22. Description of Processing
22.1 Nature and Purpose of Processing
(D&PMSC) will Process Personal Data as necessary to perform the Services pursuant to the Agreement, as further specified in the Agreement, and as further instructed by Client in its use of the Services.
22.2 Categories of Data Subjects
Client may submit data to (D&PMSC) in using the Service, the content of which is determined and controlled by Client in its sole discretion, and which may include, but is not limited to Personal Data relating to the following categories of Data Subjects:
• (Potential) customers (who are natural persons) of Client or its clients;
• Employees, contractors, advisors, freelancers or persons hired by (customers of) Client;
• Contact persons of Client’s prospects, customers and business partners;
• Client’s users authorized by Client to use the Services.
22.3 Type of Personal Data
Client may submit Personal Data to the Services, the extent of which is determined and controlled by Client in its sole discretion, and which may include, but is not limited to the following categories of Personal Data: First and last name, Contact information (company, address, email, phone), IP address.
22.4 Purposes of Processing
The Personal Data is Processed for the following purposes: Provision of the Services as detailed in the Agreement, handling complaints and disputes, providing information to emergency services, preventing fraud and criminal activities on (D&PMSC) platform.
Part III. Messaging
In the event that messaging Services are a part of the Service provided to Client under the Agreement, the following conditions apply:
The Client is responsible for the content of all messages sent by Client and guarantees that these comply with Applicable Law.
24. Additional Terms and Conditions Social Media and Push Services
24.1 Social Media and Push Services provide the Client with the possibility to communicate, share information with, and regarding individual End Users using Social Media applications and/or in-app push messaging.

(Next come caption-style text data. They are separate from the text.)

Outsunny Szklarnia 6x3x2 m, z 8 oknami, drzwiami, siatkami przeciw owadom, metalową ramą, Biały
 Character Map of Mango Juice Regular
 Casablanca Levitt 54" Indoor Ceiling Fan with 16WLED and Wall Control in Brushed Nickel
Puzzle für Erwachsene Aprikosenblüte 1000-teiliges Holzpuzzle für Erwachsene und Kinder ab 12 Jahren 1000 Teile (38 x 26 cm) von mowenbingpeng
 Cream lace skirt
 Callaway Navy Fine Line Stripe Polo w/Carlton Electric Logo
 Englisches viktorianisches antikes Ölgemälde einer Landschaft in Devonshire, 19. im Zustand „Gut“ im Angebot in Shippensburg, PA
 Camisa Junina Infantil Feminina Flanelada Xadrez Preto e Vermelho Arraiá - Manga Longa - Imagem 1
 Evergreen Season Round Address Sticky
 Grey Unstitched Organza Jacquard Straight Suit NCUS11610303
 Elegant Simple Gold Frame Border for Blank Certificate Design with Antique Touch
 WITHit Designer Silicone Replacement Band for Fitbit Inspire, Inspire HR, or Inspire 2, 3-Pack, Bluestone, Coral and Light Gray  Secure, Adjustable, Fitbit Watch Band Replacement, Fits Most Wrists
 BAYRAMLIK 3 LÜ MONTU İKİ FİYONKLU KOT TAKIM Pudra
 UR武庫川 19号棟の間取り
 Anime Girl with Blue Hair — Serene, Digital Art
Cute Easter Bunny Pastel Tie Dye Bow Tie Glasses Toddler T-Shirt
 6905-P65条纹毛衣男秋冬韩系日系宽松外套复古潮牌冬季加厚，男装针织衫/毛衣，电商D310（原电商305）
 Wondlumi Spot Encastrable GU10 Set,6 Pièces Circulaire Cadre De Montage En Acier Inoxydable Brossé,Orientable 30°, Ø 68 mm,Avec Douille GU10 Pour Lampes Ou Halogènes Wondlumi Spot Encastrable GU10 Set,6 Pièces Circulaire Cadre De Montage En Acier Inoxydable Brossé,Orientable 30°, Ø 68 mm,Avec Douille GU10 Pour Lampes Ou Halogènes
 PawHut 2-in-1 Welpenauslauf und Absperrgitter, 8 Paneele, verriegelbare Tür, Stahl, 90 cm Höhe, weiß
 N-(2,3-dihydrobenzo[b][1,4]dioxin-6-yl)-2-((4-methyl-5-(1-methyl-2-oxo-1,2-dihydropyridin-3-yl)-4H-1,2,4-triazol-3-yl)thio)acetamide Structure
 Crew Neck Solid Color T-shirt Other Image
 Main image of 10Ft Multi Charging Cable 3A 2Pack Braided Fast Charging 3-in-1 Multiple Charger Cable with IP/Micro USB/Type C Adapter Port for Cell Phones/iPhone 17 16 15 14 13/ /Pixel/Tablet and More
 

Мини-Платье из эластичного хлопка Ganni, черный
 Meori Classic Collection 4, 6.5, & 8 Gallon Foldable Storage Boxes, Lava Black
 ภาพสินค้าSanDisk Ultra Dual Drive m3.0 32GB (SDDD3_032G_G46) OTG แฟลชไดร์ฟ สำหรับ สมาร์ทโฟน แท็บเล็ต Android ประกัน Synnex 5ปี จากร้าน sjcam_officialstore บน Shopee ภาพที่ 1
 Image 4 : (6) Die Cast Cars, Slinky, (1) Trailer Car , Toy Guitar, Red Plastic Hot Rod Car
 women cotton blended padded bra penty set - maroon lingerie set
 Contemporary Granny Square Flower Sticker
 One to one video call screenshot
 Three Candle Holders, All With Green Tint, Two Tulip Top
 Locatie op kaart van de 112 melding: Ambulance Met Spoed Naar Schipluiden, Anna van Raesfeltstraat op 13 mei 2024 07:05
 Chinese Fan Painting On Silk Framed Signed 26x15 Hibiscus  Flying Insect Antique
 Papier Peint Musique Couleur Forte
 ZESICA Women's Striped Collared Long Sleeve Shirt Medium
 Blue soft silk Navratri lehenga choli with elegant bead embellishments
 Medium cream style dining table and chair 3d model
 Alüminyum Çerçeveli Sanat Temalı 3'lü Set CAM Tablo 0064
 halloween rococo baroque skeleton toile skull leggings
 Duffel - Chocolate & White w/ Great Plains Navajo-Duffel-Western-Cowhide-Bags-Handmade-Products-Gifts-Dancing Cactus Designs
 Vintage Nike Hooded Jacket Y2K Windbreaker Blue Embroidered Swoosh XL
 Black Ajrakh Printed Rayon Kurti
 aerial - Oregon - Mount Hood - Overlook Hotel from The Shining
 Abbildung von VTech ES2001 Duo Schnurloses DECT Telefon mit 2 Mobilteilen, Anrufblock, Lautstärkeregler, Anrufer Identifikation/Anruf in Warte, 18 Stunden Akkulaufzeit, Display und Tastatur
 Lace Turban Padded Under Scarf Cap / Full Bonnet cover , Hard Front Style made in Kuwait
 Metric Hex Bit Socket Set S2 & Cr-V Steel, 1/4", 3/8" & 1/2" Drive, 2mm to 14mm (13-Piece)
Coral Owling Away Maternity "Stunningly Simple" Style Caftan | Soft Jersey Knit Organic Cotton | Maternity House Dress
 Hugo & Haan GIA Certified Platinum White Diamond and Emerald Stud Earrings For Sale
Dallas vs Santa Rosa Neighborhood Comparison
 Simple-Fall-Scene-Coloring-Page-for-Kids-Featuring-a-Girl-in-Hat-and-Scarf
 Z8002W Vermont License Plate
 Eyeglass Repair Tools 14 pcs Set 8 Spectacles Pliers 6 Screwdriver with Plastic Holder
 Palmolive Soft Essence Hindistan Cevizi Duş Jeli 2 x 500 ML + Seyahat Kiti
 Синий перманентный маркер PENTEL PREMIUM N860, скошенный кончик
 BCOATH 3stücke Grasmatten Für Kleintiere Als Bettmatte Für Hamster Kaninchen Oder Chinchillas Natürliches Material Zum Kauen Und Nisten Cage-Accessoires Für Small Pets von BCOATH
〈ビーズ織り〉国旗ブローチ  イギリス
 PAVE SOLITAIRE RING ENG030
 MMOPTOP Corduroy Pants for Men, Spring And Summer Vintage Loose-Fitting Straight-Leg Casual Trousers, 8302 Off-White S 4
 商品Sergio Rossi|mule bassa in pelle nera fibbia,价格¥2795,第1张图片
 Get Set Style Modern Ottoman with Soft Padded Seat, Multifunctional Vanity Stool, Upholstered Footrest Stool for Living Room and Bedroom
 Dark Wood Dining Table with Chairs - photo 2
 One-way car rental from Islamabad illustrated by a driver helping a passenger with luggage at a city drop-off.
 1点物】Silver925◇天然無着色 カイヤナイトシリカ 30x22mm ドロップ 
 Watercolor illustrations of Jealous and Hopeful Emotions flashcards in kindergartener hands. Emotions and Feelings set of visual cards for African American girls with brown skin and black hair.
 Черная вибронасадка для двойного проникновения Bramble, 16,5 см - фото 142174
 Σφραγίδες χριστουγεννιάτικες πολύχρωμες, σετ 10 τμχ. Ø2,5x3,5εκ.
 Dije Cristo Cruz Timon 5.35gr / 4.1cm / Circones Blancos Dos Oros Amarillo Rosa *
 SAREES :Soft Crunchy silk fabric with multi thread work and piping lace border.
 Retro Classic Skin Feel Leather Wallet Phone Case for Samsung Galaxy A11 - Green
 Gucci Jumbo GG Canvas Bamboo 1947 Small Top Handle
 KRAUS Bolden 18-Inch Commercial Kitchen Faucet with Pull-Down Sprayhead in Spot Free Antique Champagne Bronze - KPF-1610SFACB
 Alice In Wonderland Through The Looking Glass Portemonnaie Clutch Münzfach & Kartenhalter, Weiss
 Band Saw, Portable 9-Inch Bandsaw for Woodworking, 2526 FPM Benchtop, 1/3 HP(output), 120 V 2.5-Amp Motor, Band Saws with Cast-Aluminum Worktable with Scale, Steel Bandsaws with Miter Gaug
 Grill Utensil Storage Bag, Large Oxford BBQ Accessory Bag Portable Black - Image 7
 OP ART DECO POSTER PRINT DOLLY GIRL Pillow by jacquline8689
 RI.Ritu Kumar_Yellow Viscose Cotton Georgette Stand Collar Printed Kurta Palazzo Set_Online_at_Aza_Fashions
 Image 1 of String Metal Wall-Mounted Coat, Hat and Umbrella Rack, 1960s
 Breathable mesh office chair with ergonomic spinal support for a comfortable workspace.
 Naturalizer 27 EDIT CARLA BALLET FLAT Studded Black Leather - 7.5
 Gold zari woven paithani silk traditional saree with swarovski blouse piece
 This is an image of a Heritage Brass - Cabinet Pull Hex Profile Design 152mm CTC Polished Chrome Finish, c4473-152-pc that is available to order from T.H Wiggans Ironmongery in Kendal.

It is the sole responsibility of the Client to ensure the communication, the information obtained and sent to the End User is sufficiently secured and protected, and that Client has obtained the required informed consent of each individual End User, or has a lawful basis, before Processing or transferring any information of said End User using social media channels or push messaging. (D&PMSC) shall not have any responsibility in this regard and (D&PMSC) shall provide (access to) Social Media and Push Services and all information on “as is” and “as available” basis.
24.2 The terms and conditions of the organizations providing the various social media platforms and services integrated in the Service are applicable to the use of the Service by Client. It is Clients responsibility to ensure compliance with said general terms and conditions and Applicable Law.